И все же мощность колонизационного потока не стоит преувеличивать. Фразы о заселении Сибири обозначают реальность, которая скорее может разочаровать исследователя, жаждущего получить сведения об огромных массах сибиряков. Правда, о самой численности населения Сибири имеются только приблизительные сведения: переписи того времени не охватывали всех категорий населения и называют лишь число дворов9. По этим данным, в Сибири в 1662 г. проживало 288 000 чел., из них 70 000 русских (половина которых являлись крестьянами; вторая половина выглядела следующим образом – 13 000 солдат и отставных, 7500 ссыльных, 6000 ремесленников и купцов, 6000 чиновников, священников и т. д.). В. И. Шунков[34], пытаясь определить численность русского населения Сибири, исходит из данных о количестве крестьян в эпоху Петра Великого. Но нужно помнить, что статистикой плохо учитывались «гулящие люди» (непостоянное население), численность которых оценить невозможно. В. И. Шунков полагает – и эта цифра общепринята в литературе – что к 1700 г. в Сибири проживало 25 000 семей, причем 11 000 из них осели в районе Тобольска. По самой оптимистичной оценке это могло составлять 125 000-150 000 чел. Однако «гулящие люди» по определению являлись холостяками. Таким образом, русское население Сибири в конце XVII в. можно с достаточной долей достоверности оценить в 150 000-200 000 чел.10. Следовательно, русская колонизация Сибири на деле свелась к расселению в конце века нескольких десятков тысяч человек, большинство которых осели вблизи восточных отрогов Урала.
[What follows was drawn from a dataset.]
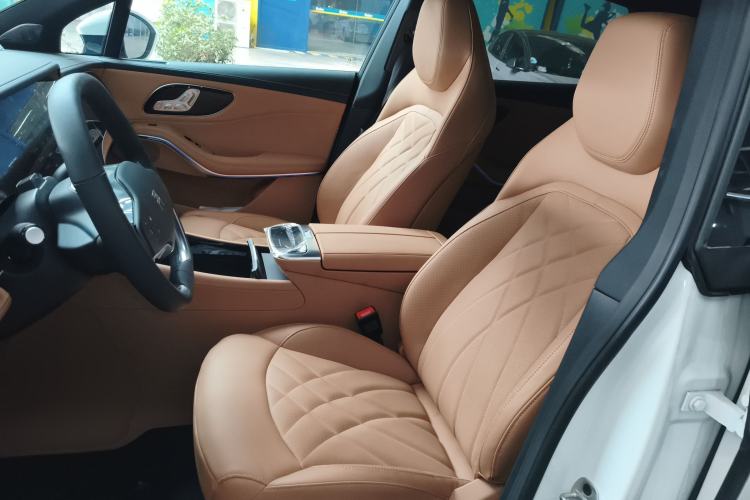 Used  R7 2022 Long-Range Advanced Edition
Тем не менее льготы, которые правительство предоставляло переселенцам, временно освобождая их от налогов и выдавая им помощь натурой и деньгами, привлекали сюда людей. Но Сибирь была труднодоступной. Русские – не слишком мобильный народ, они, как всякие крестьяне, привязаны к своей земле и покидают ее лишь тогда, когда условия существования становятся совсем уж невыносимыми. Кроме того, имелось явное противоречие между социальной структурой русских и политикой колонизации. В принципе, в Сибирь должны были переселяться лишь «свободные» люди, но разрешение на их переезд давала царская администрация. Крепостных могли отпустить в Сибирь только их помещики11. На практике большинство переселенцев являлись беглыми и теоретически их можно было силой вернуть обратно[35]. Крестьяне, пришедшие с запада страны, были рабочей силой, потерянной и для помещиков и для казны. Поэтому на протяжении всего XVII в. русское законодательство постоянно расширяет полномочия царских чиновников в Сибири. Однако дефицит рабочих рук в Сибири, необходимость усиления колонизации этого региона заставляли правительство закрывать глаза на проблему побегов. Крепостных крайне редко возвращали их прежним хозяевам. Значит, Сибирь в то время была страной свободы?
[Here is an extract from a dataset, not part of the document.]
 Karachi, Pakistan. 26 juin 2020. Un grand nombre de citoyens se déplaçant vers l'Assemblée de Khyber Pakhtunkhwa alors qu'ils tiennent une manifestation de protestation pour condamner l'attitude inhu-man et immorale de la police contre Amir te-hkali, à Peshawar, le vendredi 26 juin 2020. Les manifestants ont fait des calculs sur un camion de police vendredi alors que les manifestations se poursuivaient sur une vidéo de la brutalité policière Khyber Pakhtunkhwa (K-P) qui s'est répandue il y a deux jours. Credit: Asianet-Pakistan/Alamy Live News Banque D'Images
Для ответа на этот вопрос необходимо выяснить, подвергались ли сибирские крестьяне закрепощению? Иными словами, отличалось ли развитие Сибири от Европейской России?

Сразу же отмечу, что крепостничество в Сибири было слаборазвито. Являясь частью русских земель, Сибирь считалась собственностью государства, но ее территории не раздавали служилым людям и феодальная собственность была там исключением. Высокопоставленным «служилым людям» в Сибири, труд которых было трудно целиком оплачивать деньгами и продовольствием (ибо транспорт был медленным и дорогим), выделялись во временное пользование небольшие участки земли – по 5-20 га – что почти не отличалось от размеров крестьянских хозяйств. Однако были и исключения: в Енисейске один сын боярский получил 226 га, причем 37 га из них составляла пашня; глава стрельцов к середине XVII в. имел 300 га земли. Это были средние по размерам владения, которые, однако, составили основу крупных феодальных поместий, появившихся в XVIII в. Но это явление не получило большого размаха и в XVII в. было еще незначительным, по крайней мере для светских владений.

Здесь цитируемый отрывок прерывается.